August 1940 (II)

On Friday 30th August afternoon, Bomber Command men were briefed again to raid Berlin with 29 Wellington bombers from No 3 Group and 8 Hampdens ready to take off to bomb the city that night. Prime targets were again the Siemens factory complex and the Henschel factory in Schönefeld; with several others squadrons attacking other cities including Hamm and Emden. Nine crews claimed to have bombed the Siemens works and four Henschel, with another bomber attacking a power station at Klingenberg. Like previous raids, many sticks of bombs hit residential areas all over the city, damaging house buildings and streets.

[Photo: John Frost Newspapers / Mary Evans Picture Library.]

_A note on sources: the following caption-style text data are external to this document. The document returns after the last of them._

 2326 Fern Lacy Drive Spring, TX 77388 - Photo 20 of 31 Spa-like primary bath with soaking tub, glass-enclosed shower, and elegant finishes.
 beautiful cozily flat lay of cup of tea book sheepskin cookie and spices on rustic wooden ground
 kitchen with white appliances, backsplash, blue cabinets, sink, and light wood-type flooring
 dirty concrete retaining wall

The Air Ministry communique about the raid on Germany states: “The R.A.F. bombers selected for special attack an objective four miles from the centre of the city, and dropped a “large number of bombs on a series of carefully-selected military objectives in Berlin.”

The British press covered that night’s raids on Germany: “Ten people were killed and twenty-eight wounded in the three hour raid, said the German official news agency as firemen were still clearing away debris in the streets”.

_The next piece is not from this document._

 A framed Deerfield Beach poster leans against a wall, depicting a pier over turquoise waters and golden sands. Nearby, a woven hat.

The British lost 3 aircraft on this Berlin sortie: one was a Whitley, a bomber from No 58 Sqn P5002 coded ‘GE-T’. The aircraft left RAF Linton-on-Ouse at 19.45 hrs. On the return leg, the aircraft was low on fuel and pilot P/O Neville O Clements ordered to abandon the aircraft circa 05.00 into the North Sea, off Hornsea. A crew member was killed while all four other occupants were rescued (P/O Ronald Hadley, Sgt Ian A Zamek, R F Williams and Sgt Matthew Hill). 

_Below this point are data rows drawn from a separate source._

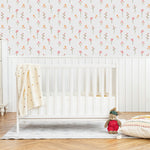 A nursery room adorned with the Gentle Floral Wallpaper, which features an array of small, pastel pink and yellow flowers that bring a serene and cheerful ambiance to the space. The floral theme is perfectly suited for creating a soothing environment for children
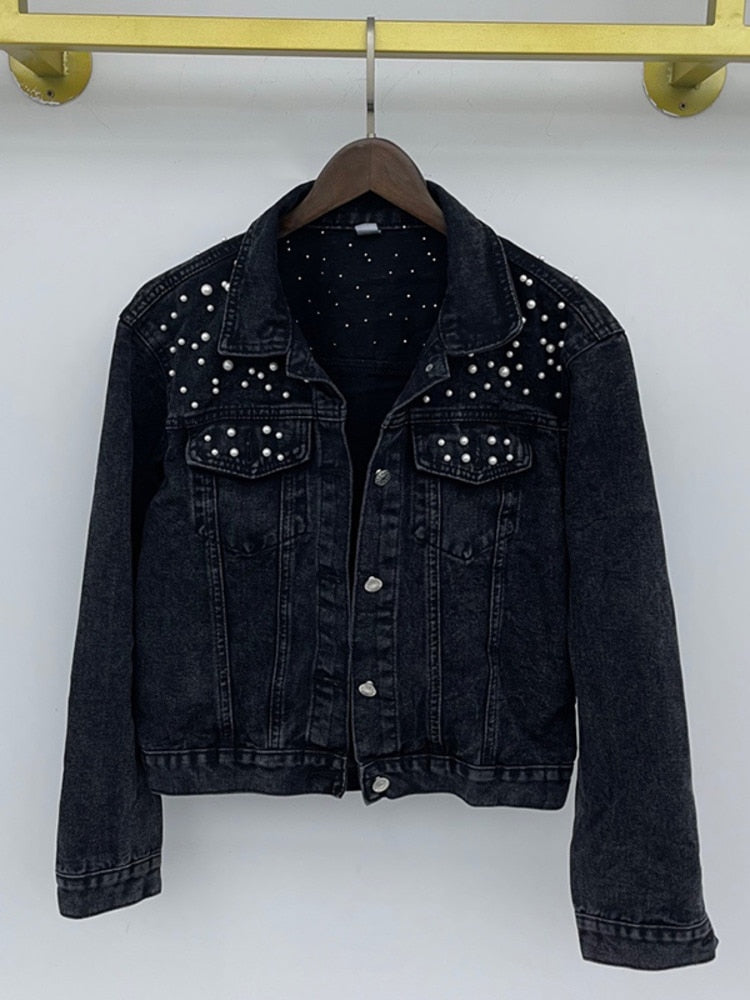 Black denim jacket shown from the front on a wooden hanger.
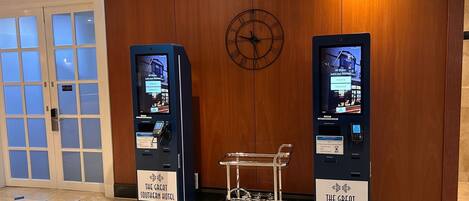 A hotel lobby with two self-service kiosks, a digital clock, and a luggage cart.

The two other losses of the raiding force were Wellingtons, both of them 214 Squadron machines: Wellington Mark IA P2530 coded ‘BU-?’ took off from from RAF Stradishall piloted by F/O RR O’Connor tasked for Berlin. They dropped incendiary bombs on B57 target (the remainder ‘hanging up’) and when returned to base, low on fuel, undershot into a ditch short of the runway with no casualties. The other one was Wellington IA T2559BU-?’, which flew to Berlin to raid Klingenberg too but was shot down at 23.24 near Halle (Gelderland), the Netherlands, by night fighter pilot Oberleutnant Werner Streib of 2./NJG 1, who was flying a Bf 110 from Anholt airfield, Germany. This was the first German ground-radar tracked victory at night, led by a ‘Wurzburg’ radar in Raum 5B based at Deurne. The ‘Wimpy’ was coned for 3 minutes by two searchlights of III./Flakscheinw. Rgt 1 and downed in flames by Streib, who observed no chutes from the fallen bomber.

The crew of six perished in the crash (Sgt. G H Bainbridge, F/O L M Cragie-Halkett, P/O W S Cunynghame, Sgt. S J Haldane, Sgt. G E Merryweather and Sgt. A B Puzey) and were all buried at Halle Cemetery, the Netherlands. The story behind the loss of T2559 has been well researched by Bennie Eenink. 

[Vickers Wellington Mark IC, T2470BU-K’, of No 214 Squadron RAF, is towed into a C-type hangar at Stradishall, Suffolk, for repair and overhaul following damage sustained on operations. Known among the squadron crews as ‘K-King’ this ‘Wimpy’ were very active during the late summer over Berlin.]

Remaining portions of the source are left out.